North Island, NZ

In our three weeks here in New Zealand, we have seen two, maybe three places that I would call crowded.  Between those have been long stretches of beach, forest, endless pastureland, perfect volcanic cones and lava fields, and a couple of very quiet emergency rooms (the first after an unnamed assailant dropped a surfboard on Alex’s foot, the second when William tweaked his foot jumping into shallow water, no broken bones for either).  It has been quite a change from India and Sri Lanka, where peace and quiet were precious and rare.

We have arrived in Wellington, the capital city and basically a Kiwi duplicate of San Francisco, after a three-day canoe trip down the Whanganui River. The river would be a near-impossibility back in the US. Once the sole thoroughfare between the Tasman Sea and Mt Ruapehu in the center of the North Island, the river was abandoned after modern transport replaced the steamship and settlers gave up on taming the surrounding terrain. Today, the only evidence of those attempts is the “Bridge to Nowhere” which spans a tributary gorge.  The bridge carries no traffic and serves no local community.

This leaves us with the Whanganui in its current state: fifty-plus miles of unbridged, undammed, and unpopulated river, and we were lucky to float it. Phoebe was so impressed, she did a little dance atop her canoe.

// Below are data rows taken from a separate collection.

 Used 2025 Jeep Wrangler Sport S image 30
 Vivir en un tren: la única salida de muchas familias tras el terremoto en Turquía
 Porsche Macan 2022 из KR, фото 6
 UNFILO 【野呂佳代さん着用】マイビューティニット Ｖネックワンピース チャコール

We spent a few days prior to our river trip among the headwaters of the Whanganui and the volcanos that feed it. The river gets its start at the foot of Mt Ruapehu, which sits, presumably in fear, next door to Mt Doom.  Doom’s actual name is Ngauruhoe, and it keeps watch over what has been called one the world’s great one-day treks: the Tongariro Alpine Crossing.  The track, to use the Kiwi term, is twelve miles of ups and downs over volcanic flows and craters and glacial cirques.  So spectacular, it manages to do the unthinkable here in NZ: it draws a crowd.

That’s Mt Ngauruhoe in the background.

Holly, William, Alex and I joined what must have been a thousand other hikers in a human chain traversing the range, and no one seemed troubled by a big rumble from Doom around 12:30 in the afternoon. Steam vents were venting steam alongside the track, but Ngauruhoe has not erupted in full since 1974. Signs along the track and in our campground offered proper etiquette in the event of a lahar – the Javanese term for a river of lava and mud that you don’t want to see at close range. “Run fast” was a common suggestion.

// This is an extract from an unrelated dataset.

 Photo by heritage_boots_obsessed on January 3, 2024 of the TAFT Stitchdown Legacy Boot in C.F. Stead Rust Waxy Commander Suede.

North of the volcanos, we spent almost two weeks in the very, very mellow seaside town of Raglan. As you know, Raglan is home to a couple of world-famous left-hand point breaks that surfers around the world speak of in hushed tones. Manu Bay is pictured above. The locals complained about the crowds of these surfers from around the world, possibly including us. The waves didn’t seem too busy to me but I will happily blame the crowds for my total inability to ride these big and often scary waves.  Honestly, we spent maybe four of those days in the water, when the surf dipped below six feet, and our sucess rate then was low. Very low. Climbing and caving and kayaking all seemed much saner pastimes than flailing around in ten-foot waves full of people who actually know what they are doing.

It is silly to focus on crowded places when thinking of New Zealand.  Our days spent in Mangawhai  (see Phoebe and William above) far better represent the amazing space and beauty and calm that we have found throughout the North Island.

Gone are the bustle and drama of traveling India and Sri Lanka, replaced by a comfort level that, in particular, has allowed the kids to reclaim the independence that they found in Seville. They roamed the streets of Raglan and dirt roads of Mangawhai like they would our neighborhood at home, and have been eager to take charge of planning our treks and kayak trips on the South Island.

Special thanks go to Alex’s cousin Phoebe Walsh (aka Big Phoebe, Phoebe of Maine, and/or Walshie) for her contributions to the peace of mind that Alex and I have enjoyed in NZ. We had a fancy date night in Wellington last night, and the kids were more than happy to see us go with Phoebe in charge.

Today marks six months on the road for us.  Sixty percent of this trip is behind us, and home is a tiny little dot, slowly growing, on the horizon. The breathing room of NZ has allowed us to work on plans for life back in DC – summer camps, dog sitters, and the routine of home (everything is super normal and calm back in DC, right???). Like so much of this adventure, thinking of that return has its ups and downs, but what a luxury to have four months to prepare.

We ferry to the South Island first thing tomorrow morning.  It is a bigger draw for foreigners than the North, but as a Kiwi cautioned me a couple of days ago, “it may seem a bit sparse.”  If that means more of the chill bro, no-worries NZ lifestyle, we may need to have our blood pressure checked in a few weeks. We’ll keep you posted.


4 thoughts on “North Island, NZ

  1. Spectacular scenery and outstanding reporting, Brendan. What a glorious experience. How many volcanoes are currently active?

  2. So wonderful that you have enjoyed NZ so much and have the experience of India to compare. Our Brendan did a junior semester abroad there and we had the fun of visiting him and touring on our own for a while. What a life time bond for Phoebe and your gang. Enjoy!